The Return on Regeneration
In my last post, I argued for a new core logic for business: Regenerative Abundance. I profiled visionary business leaders who have proven that it is possible to build immense value not by extracting from our social and ecological systems, but by contributing to them.
Now, this runs headlong into a classic management mantra: you can't manage what you can't measure. And for too long, this has been the defense for our singular focus on financial metrics—they are easy to quantify. But if we are to manage for systemic health, we must get better at measuring what truly matters.
The goal is not to replace financial metrics, but to complement them with a more sophisticated understanding of value creation and exchange. Here are three "biometrics" that could form the foundation of a new kind of balance sheet.
1. The Regenerative Ratio
This metric moves beyond an ecological calculation to a holistic view of value. It asks: For every unit of critical resource we consume, how many units of multi-capital value do we regenerate?

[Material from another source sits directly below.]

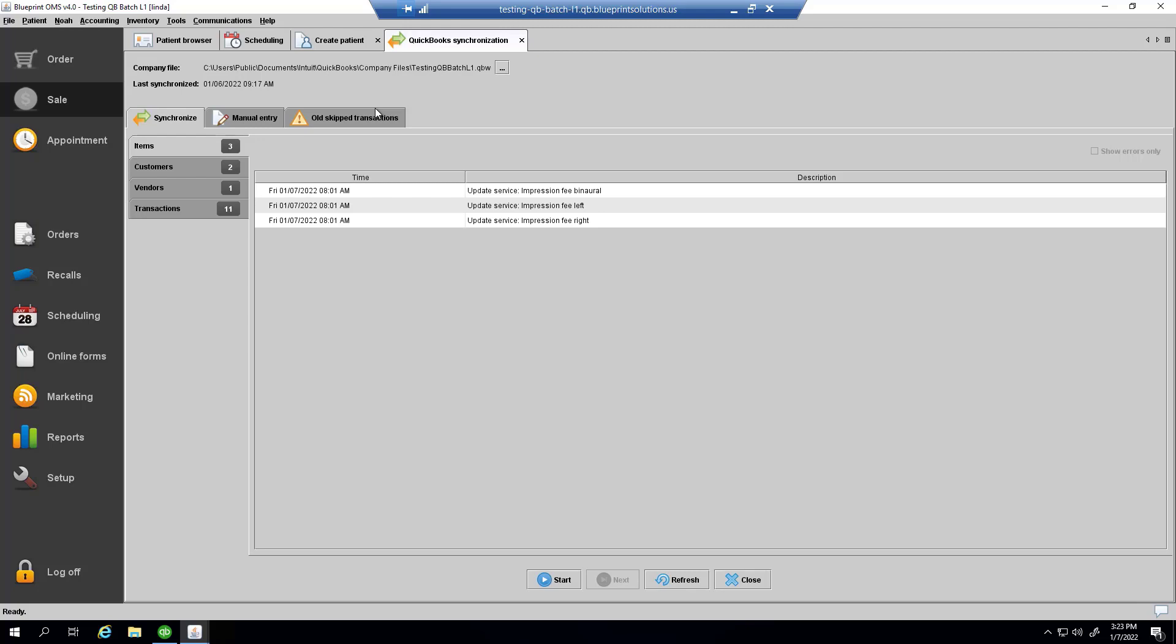And here we have three more tabs. Let's focus first on the most important one, synchronize. It displays in various categories any queued up accounting messages that need to be sent to QuickBooks, such as updates to catalog items, customers, and vendors.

"Resources consumed" are not just material; they include the focused attention of our employees, the trust of our communities, and the energy drawn from our power grids. "Value regenerated" is equally expansive. It is not just recycled material, but also the new skills our employees develop, the open-source knowledge we contribute to our industry, and the social cohesion we help foster in the communities where we operate. This metric fundamentally reframes a business from a consumer of capital to a creator of it, in all its forms.

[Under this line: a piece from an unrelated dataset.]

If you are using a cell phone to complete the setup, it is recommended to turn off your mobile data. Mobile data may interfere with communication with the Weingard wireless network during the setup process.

The Implementation Challenge: Our accounting systems are designed to measure financial capital, not human, social, or natural capital. The challenge is to build a credible system for valuing these intangible assets with the same rigor we apply to our financial balance sheet.
A CEO's Brief to the Chief Financial Officer: "I want to develop a 'Multi-Capital Ledger.' How do we begin to quantify the value of employee skill development, community trust, and ecological restoration as tangible assets on our books?"
2. The Abundance Index
This metric assesses a company's contribution to the public good. It looks to answer: How does our work reduce constraints and create new possibilities for others?
The Abundance Index tracks the degree to which a company's products and services increase access and reduce scarcity. This isn't about charity; it's about designing a business model where positive social impact is a feature, not a bug. This could be measured by the creation of open-source tools that enable other businesses to flourish or the democratization of access to education or healthcare. This is not a call for big government, but for a new form of capitalism where companies are rewarded for creating widely shared value.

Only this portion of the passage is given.